_Entries shown_

————

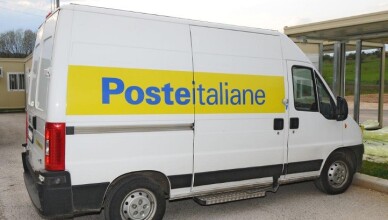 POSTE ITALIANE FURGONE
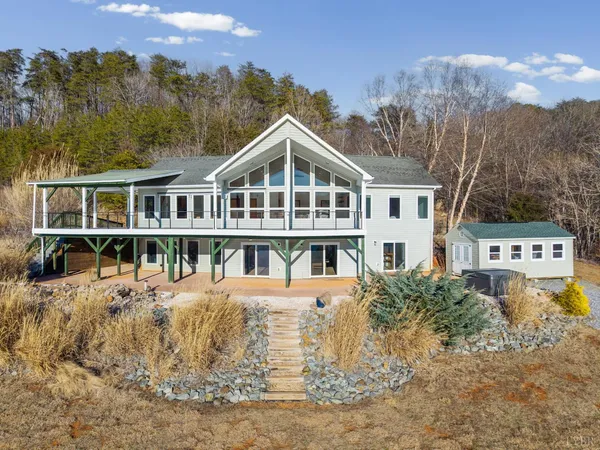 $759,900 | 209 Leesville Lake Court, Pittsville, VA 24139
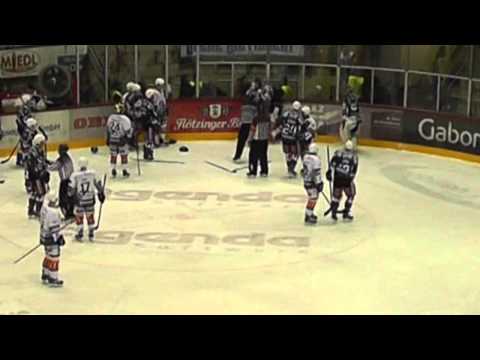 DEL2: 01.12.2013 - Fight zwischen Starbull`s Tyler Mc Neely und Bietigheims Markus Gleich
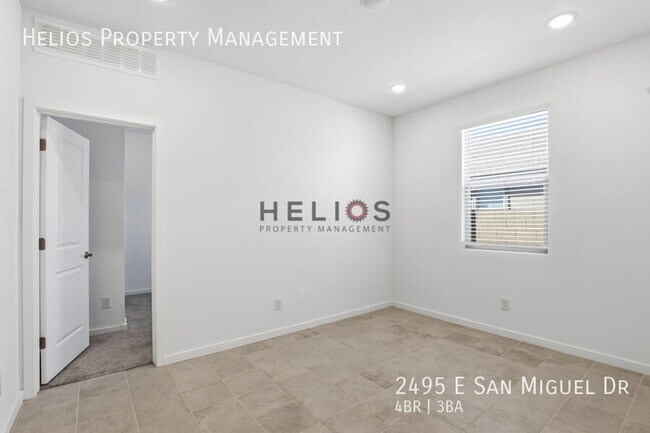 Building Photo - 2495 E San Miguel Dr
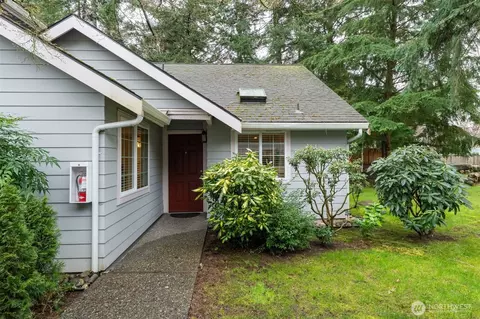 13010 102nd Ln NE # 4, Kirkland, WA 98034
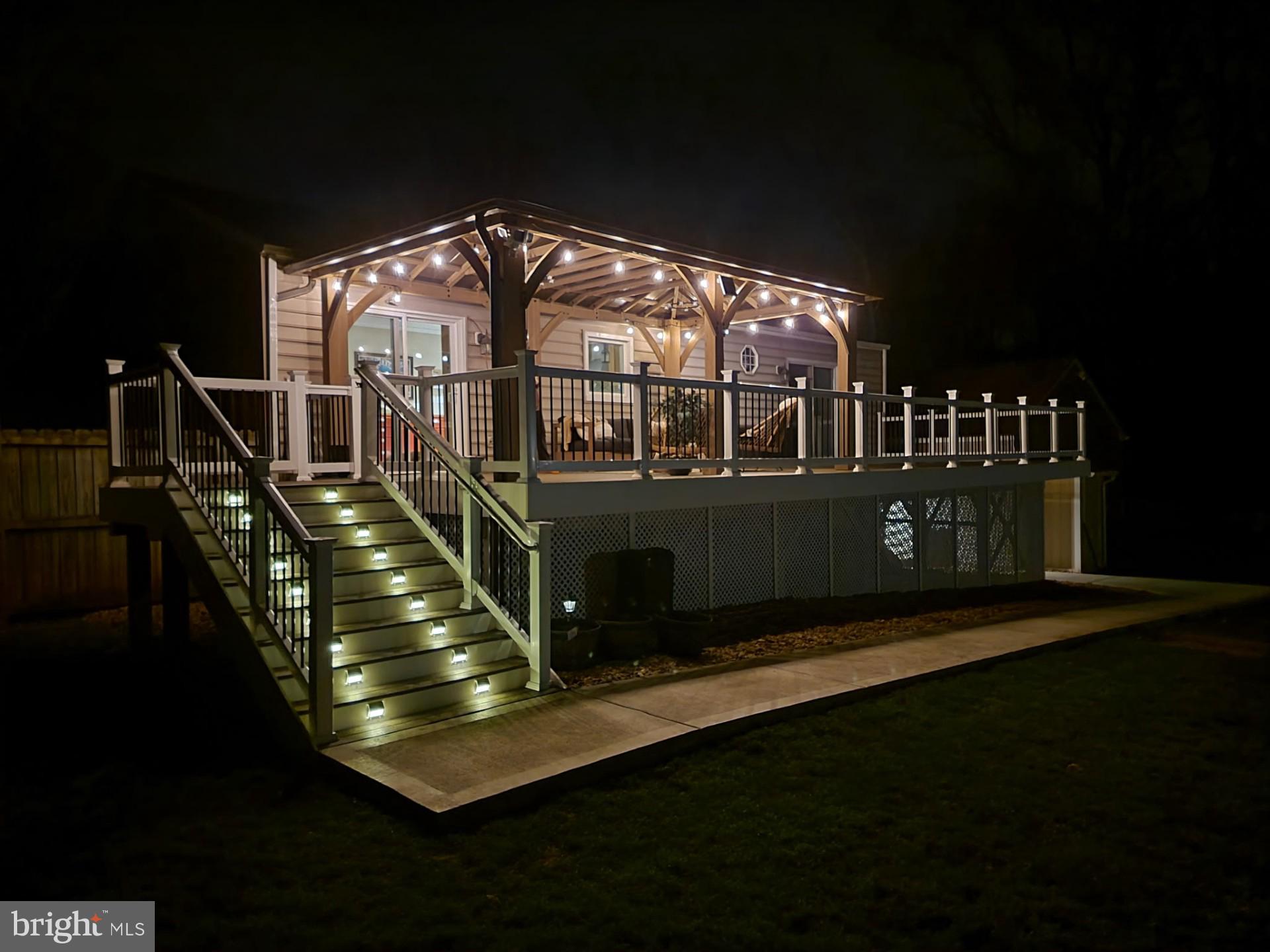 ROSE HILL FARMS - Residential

————

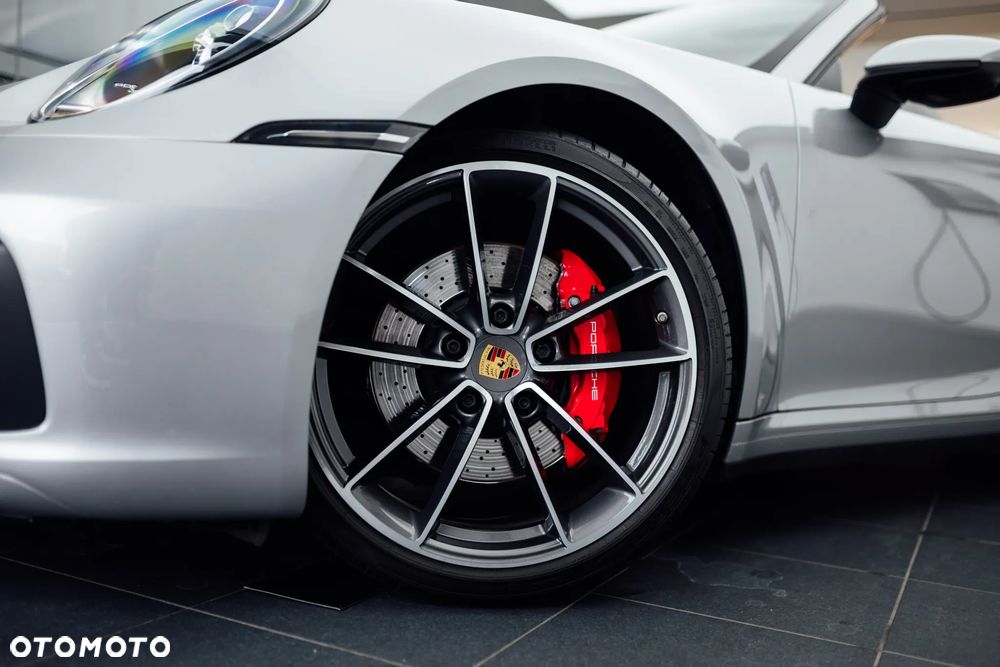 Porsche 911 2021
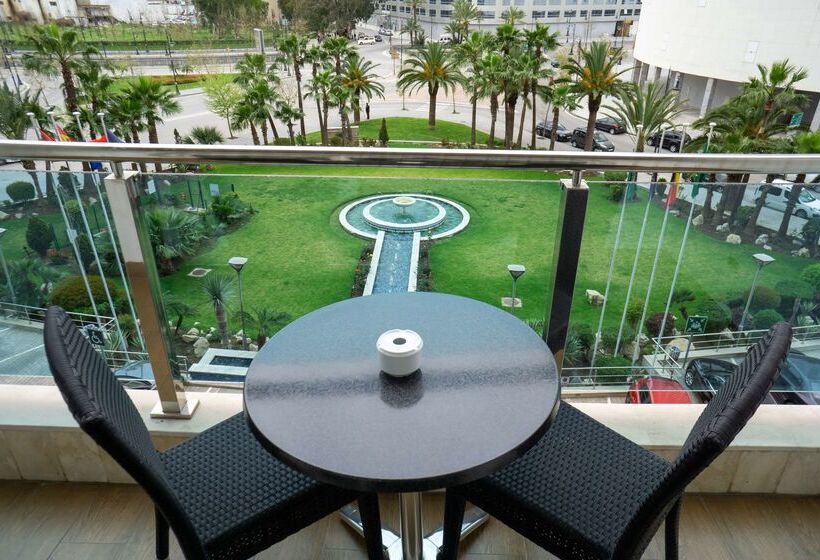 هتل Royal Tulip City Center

————

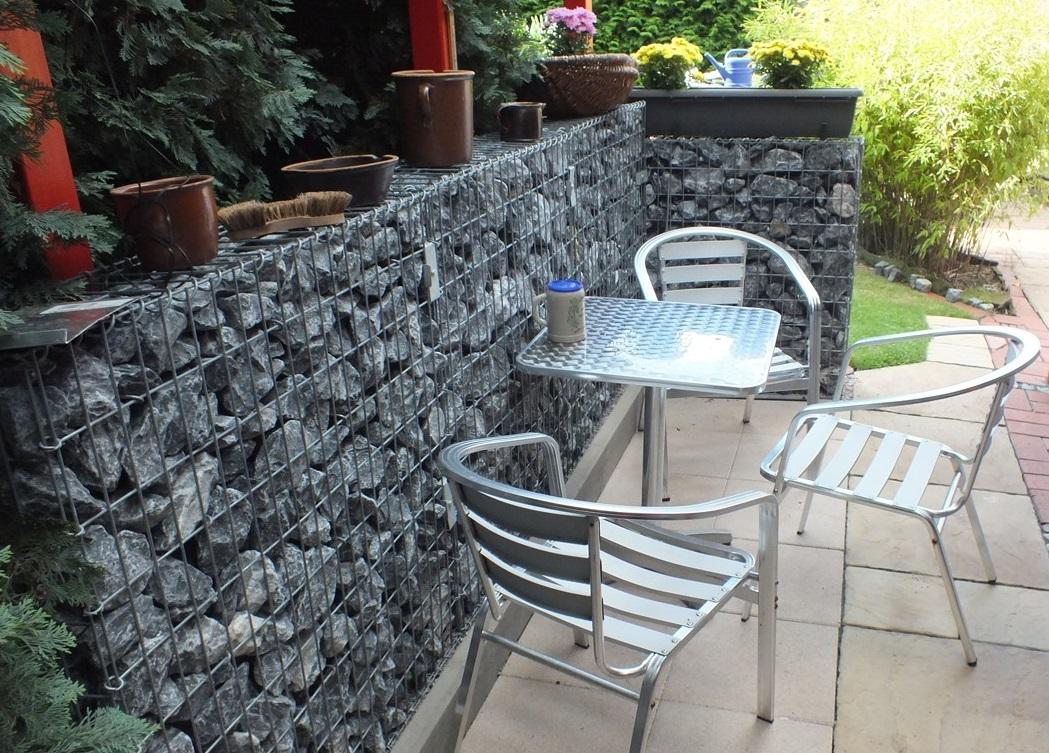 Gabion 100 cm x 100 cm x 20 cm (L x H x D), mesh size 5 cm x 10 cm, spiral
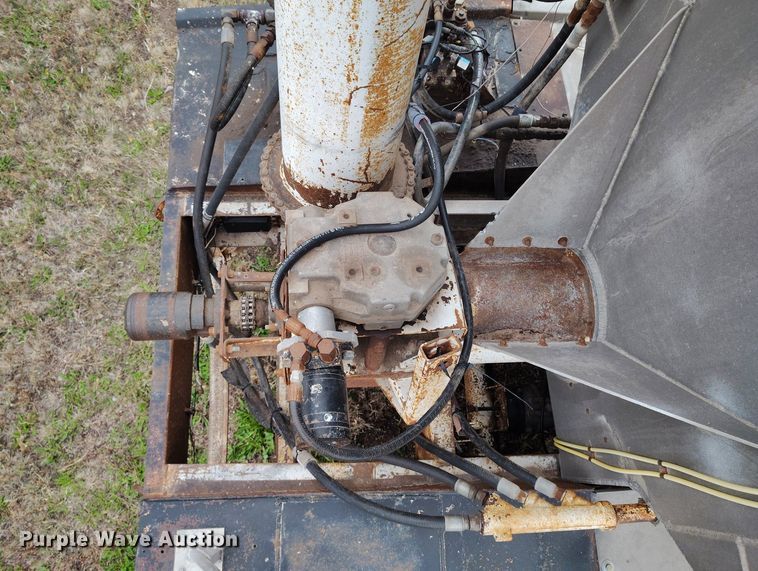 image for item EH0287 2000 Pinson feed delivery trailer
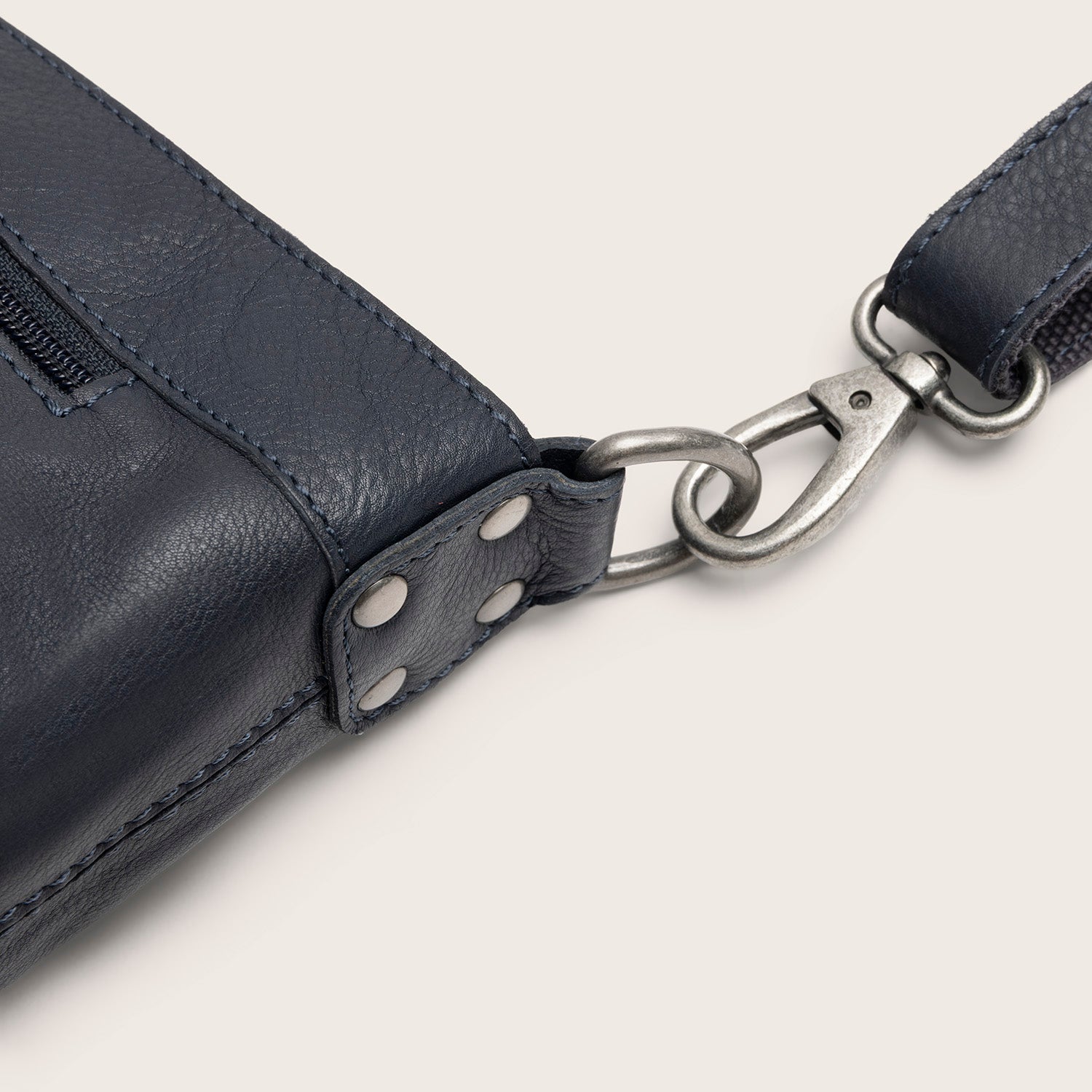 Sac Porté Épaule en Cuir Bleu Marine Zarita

————

_Activity_
Copy the lines above between the one holding "POSTE ITALIANE FURGONE" and the one holding "ROSE HILL FARMS - Residential", inclusive. Drop the pictures.

_Solution to this task_
 POSTE ITALIANE FURGONE
 $759,900 | 209 Leesville Lake Court, Pittsville, VA 24139
 DEL2: 01.12.2013 - Fight zwischen Starbull`s Tyler Mc Neely und Bietigheims Markus Gleich
 Building Photo - 2495 E San Miguel Dr
 13010 102nd Ln NE # 4, Kirkland, WA 98034
 ROSE HILL FARMS - Residential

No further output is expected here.